Sementara yang lain duduk tenang menikmati pertunjukan jaipong dari Kerawang, Jawa Barat, ini. Di antara mereka ada Badrun, seorang penjual daging, pelanggan tetap pertunjukan itu. Saban malam dia nongkrong di taman itu. "Kalau tidak menonton jaipongan ini, saya tak bisa tidur," katanya sambil duduk di bawah pohon yang tak rindang.
Para pemain jaipongan ini berlatih rata-rata seminggu sekali. Umumnya sudah cukup matang berjaipong lewat latihan tertentu di kampungnya masing masing. Rata-rata mereka dari Kerawang dan Subang. Grup ini berdiri setelah Lebaran tahun 1996 dengan enam penari. Kemudian beberapa penari dari daerah didatangkan pemimpin kelompok, Atun Jaelani, melengkapi grup ini.
Para penari dan sinden itu, Erna, Nung, Renah, Ranahgel, Wati, Umi, Rika, Jujun, dan lainnya mentas tiap hari kecuali malam Jumat. Erna adalah primadona kelompok ini dan biasanya ditampilkan di acara puncak, pada akhir pertunjukan. Sesekali mereka mengisi acara kondangan, khitanan, dan sejenisnya. Bila diundang mengisi acara tersbut, bisanya mereka tidak mentas.
Dalam sehari mereka bisa mengantongi Rp 300.000. Meskipun krisis monter terjadi, toh penghasilan tak begitu jauh menurun. Meski begitu Sarma masih mengeluh. "Bisa manjang krisisnya, mau apa lagi," katanya. Karena harga-harga terus naik sementara penghasil tak kunjung merayap naik juga.

EROTIS Apa yang memikat dari kelompok ini? Pertama, meski di kawasan yang terbilang rawan di Jakarta, belum pernah ada kerusuhan serius yang terjadi selama pertunjukan. Padahal sebelum adanya kelompok ini, dulu pernah ada kelompok penyanyi dangdut yang mencoba manggung. Sayang, baru dua malam digelar sudah terjadi kegaduhan. Dengan amannya pertunjukan berlansung, penonton pun nyaman menikmatinya.
Selain itu, harus diakui daya pikat utama adalah aspek erotis yang ditawarkan.
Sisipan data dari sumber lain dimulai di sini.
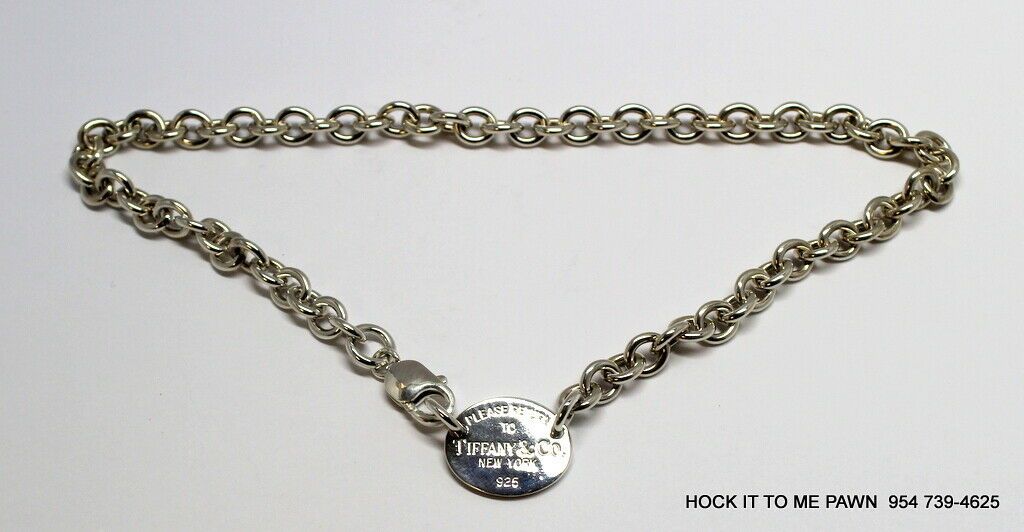 Please Return To Tiffany & Co Silver Oval Tag Love Charm Necklace 100% Authentic.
Erotisme jaipong merupakan sejenis hiburan yang voyoeuristic (kenikmatan). Hiburan ini menjadi kenikmatan seksual tidak langsung yang dibedakan dari pelacuran pada umumnya.
Erotisme jaipongan muncul pada tarian-tariannya. Para penari berkebaya ketat, berkorset, berstoking, dan bercelana busa bergerak dalam lenggang lenggok yang mudah diasosiasikan dengan hal-hal seksual. Gerak dada, perut, dan pinggul mereka sangat terlatih. Sementara tangan menjentik dan berputar pada gerak yang bukan sembarangan.
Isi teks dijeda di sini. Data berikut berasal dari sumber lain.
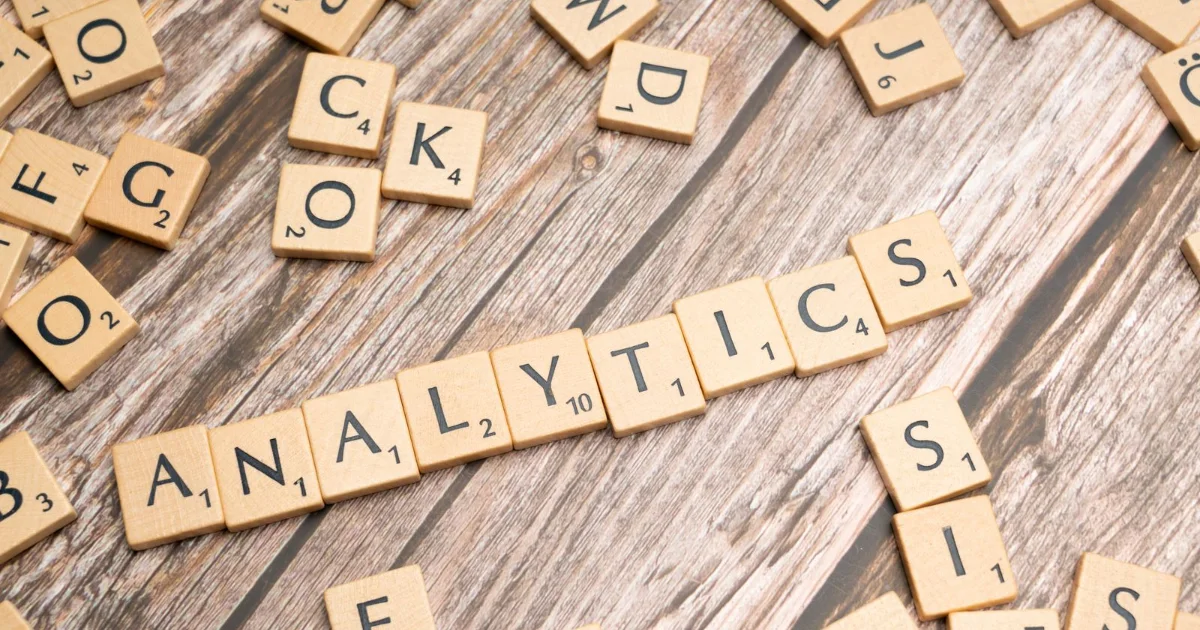 Letter tiles spelling analytics on a wooden table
Pada ketukan-ketukan tinggi dan rapat, gerak pun bertambah cepat dan bersemangat. Kadang mereka menari berpasangan dan saling memunggungi. Bahkan terkadang meloncat dan jatuh tiba-tiba. Sebuah ritme yang mengalir memuncak dan mematah tiba-tiba seiring respon para pemusiknya.
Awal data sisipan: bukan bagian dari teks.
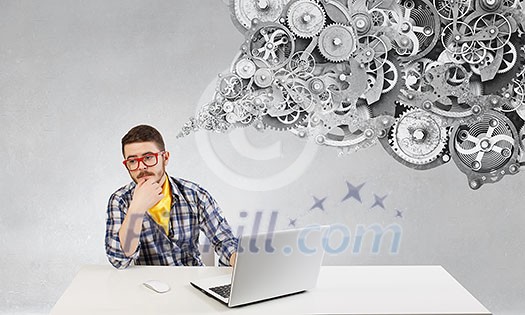 Young pensive guy in red glasses surfing the Internet Young pensive guy in red glasses surfing the Internet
Musiknya sendiri tidaklah lengkap. Ada sebuah kendang utama yang memimpin ketukan, empat pasang kendang kecil yang dipukul dengan pemukul dol kecil, sebuah gong, sebuah simbal, sebuah lempeng besi, dan seperangkat kecil gamelan. Malam itu gendang utama dimainkan Jaja, pemain yang bisa bermain berjam-jam dan pernah memukul beduk di Festival Istiqlal.
Mengacu pada uraian Umar Khayam tentang seni pertunjukan, maka jaipongan ini tergolong kesenian kitsch. Kesenian massa yang berakar pada seni tradisi untuk konsumsi hiburan semata. Meski sama-sama berakar dari seni tradisi, kesenian kitsch dibedakan dari seni kontemporer yang mengejar kepentingan estetis.
Dilihat dari bagaimana kesenian ini dipentaskan, akan tertangkap kaburnya batas seni rakyat. Tembang yang diminta penonton beragam. Tak semuanya tembang-tembang Sunda, ada juga tembang Jawa, bahkan lagu dangdut. Para sinden pun dnegan senang hati menyanyikannya, dan pemusik pun mengiringinya tanpa gagap. Bagi mereka tak ada yang aneh. Musik ya musik. Maka terobosan-terobosan para pemusik kontemporer yang memakai alat musik gamelan atau tradisional untuk memainkan musik pop atau sebaliknya jadi barang yang biasa.
Selain panggung di taman itu, ada pula sebuah panggung kecil di bawah jembatan dengan penonton yang lebih sedikit. Keduanya membangun sebuah ruang publik kesenian rakyat yang berkembang dengan sendirinya. Sampai kapan, tampaknya sejauh tak ada penggusuran.